Quelle stratégie pour contrer ces violations ?

Ces vols au-dessus du Danemark ne sont pas agressifs au sens défini par les Nations unies, mais illicites[1], c’est l’emploi de la force qui définit l’agression et permet la légitime défense, et donc le tir, autorisée par l’article 51 de la Charte. Comme les drones n’ont pas d’équipage à bord et leur propriété n’est pas revendiquée, ils peuvent être abattus, sous réserve que la chute des débris ne présente pas de danger pour les populations.

Le cas des avions pilotés pose un problème différent. Mais le tir est reconnu en droit lorsque le comportement est agressif (ne pas obtempérer aux ordres de la police du ciel, la menacer par ses évolutions, transporter un armement, etc.). Reste à définir le niveau de la prise de décision dans la hiérarchie politico-militaire, ce qui est fait pour la France[2] comme pour l’OTAN. En 2024, les forces de l’OTAN ont intercepté près de 400 vols russes dans le monde pour les remettre dans le « droit chemin », mais sans subir aucun acte agressif et donc être en droit d’ouvrir le feu. Les Russes de leur côté ont intercepté environ 370 avions de l’OTAN. Ces interceptions ont eu lieu pour la plupart en limites extérieures des espaces aériens des pays intercepteurs.

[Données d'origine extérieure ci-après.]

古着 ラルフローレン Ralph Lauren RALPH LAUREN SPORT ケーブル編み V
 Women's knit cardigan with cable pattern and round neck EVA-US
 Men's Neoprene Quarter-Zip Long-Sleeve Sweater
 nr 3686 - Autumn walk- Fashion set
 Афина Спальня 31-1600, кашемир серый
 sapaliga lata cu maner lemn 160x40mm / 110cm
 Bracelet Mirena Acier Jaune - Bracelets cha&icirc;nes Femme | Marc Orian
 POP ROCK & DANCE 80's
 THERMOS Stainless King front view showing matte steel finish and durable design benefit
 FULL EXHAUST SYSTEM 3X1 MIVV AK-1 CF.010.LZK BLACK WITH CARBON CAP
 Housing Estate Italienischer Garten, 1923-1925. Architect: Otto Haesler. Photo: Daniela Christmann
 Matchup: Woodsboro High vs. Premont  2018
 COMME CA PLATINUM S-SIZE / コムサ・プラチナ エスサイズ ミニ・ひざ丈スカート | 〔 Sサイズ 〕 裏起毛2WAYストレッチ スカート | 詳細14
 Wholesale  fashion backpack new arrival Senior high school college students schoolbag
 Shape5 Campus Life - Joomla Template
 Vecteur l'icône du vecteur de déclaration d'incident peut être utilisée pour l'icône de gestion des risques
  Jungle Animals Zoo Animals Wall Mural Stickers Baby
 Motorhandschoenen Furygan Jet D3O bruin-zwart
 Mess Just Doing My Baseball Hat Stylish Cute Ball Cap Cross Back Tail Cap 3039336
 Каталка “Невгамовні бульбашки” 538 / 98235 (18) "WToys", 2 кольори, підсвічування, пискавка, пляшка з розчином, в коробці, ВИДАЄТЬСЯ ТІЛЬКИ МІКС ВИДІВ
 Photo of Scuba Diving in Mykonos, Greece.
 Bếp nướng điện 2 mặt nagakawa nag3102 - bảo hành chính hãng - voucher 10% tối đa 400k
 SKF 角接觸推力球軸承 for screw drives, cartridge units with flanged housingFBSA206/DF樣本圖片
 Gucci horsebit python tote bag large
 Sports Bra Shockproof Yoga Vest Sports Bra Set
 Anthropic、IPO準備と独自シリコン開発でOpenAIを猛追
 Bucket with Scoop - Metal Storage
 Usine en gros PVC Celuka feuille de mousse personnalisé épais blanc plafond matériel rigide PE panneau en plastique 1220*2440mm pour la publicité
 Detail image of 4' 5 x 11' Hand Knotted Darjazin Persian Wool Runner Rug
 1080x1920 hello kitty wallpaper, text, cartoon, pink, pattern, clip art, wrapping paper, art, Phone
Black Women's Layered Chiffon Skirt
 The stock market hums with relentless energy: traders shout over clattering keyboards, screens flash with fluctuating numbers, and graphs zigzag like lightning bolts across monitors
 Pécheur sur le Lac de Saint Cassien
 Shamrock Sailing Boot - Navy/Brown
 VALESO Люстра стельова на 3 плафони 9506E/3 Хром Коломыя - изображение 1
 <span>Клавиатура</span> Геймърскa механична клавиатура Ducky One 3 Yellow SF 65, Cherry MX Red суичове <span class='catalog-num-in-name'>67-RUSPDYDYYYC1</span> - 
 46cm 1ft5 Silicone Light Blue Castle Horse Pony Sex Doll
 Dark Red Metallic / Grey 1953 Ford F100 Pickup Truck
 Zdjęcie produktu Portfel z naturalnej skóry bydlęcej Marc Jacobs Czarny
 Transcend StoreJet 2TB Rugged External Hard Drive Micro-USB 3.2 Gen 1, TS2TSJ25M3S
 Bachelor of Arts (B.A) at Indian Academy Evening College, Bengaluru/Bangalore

La semaine dernière, Donald Trump et Mark Rutte en écho ont annoncé que l’OTAN devrait abattre les avions russes franchissant les frontières européennes, de nombreux politiques européens y ont fait écho. Le ministre allemand en revanche a trouvé ces déclarations contre-productives. Clamer ainsi des menaces à l’emporte-pièce l’est en effet. Le texte du Conseil de l’Atlantique Nord est clair « L’OTAN et les Alliés emploieront, dans le respect du droit international, tous les outils militaires et non militaires qu’ils jugeront nécessaires pour se défendre et pour écarter toutes les menaces, d’où qu’elles viennent. ». Le droit international a été est rappelé ci-dessus.

Alors que faire ?

Garder son sang-froid et prendre du recul avant de communiquer orbi et urbi, et souvenons-nous du conseil de Sun Tzu que Poutine semble appliquer contre l’OTAN : « Irritez son général et égarez-le. ».

  • Appliquer le droit international pour faire la police du ciel sur le territoire européen : il donne les outils, y compris par le feu, pour contrer les actes agressifs.
  • Développer sans tarder les compléments nécessaires au système OTAN de défense aérienne et antimissile intégrée (NATINAMDS) notamment dans les basses couches où évoluent les drones. Le filet anti-drones de l’UE est attendu pour juin 2026, du moins dans sa composante détection.
  • Investir et soutenir toutes les entreprises travaillant sur les armes anti-drones (brouillages radio et GPS, canon à impulsion électromagnétique, laser aveuglant ou de destruction, armes de tous calibres).
  • Développer les systèmes d’autodéfense sur toute la profondeur du territoire et sur tous les aéroports et installations sensibles (maillage national anti-drone).

Et ne pas perdre de vue que la souplesse d’utilisation et la difficulté à localiser et donc identifier l’opérateur ouvre un champ infini d’emplois illicites et criminels, en plus d’un ennemi lointain. Le lutte anti-drone passe donc, à l’échelle européenne, par une synergie entre tous les services de l’État et une contribution active des citoyens (détection des postes de pilotage). 


[1] « L’agression est l’emploi de la force armée par un État contre la souveraineté, l’intégrité territoriale ou l’indépendance politique d’un autre état, ou de toute autre manière incompatible avec la Charte des Nations unies, ainsi qu’il ressort de la présente définition » résolution 3314 de l’Assemblée générale des Nations unies, 1974

[2] Le Premier ministre, représenté par la Haute autorité de défense aérienne (HADA), est responsable de l’ordre d’ouverture du feu.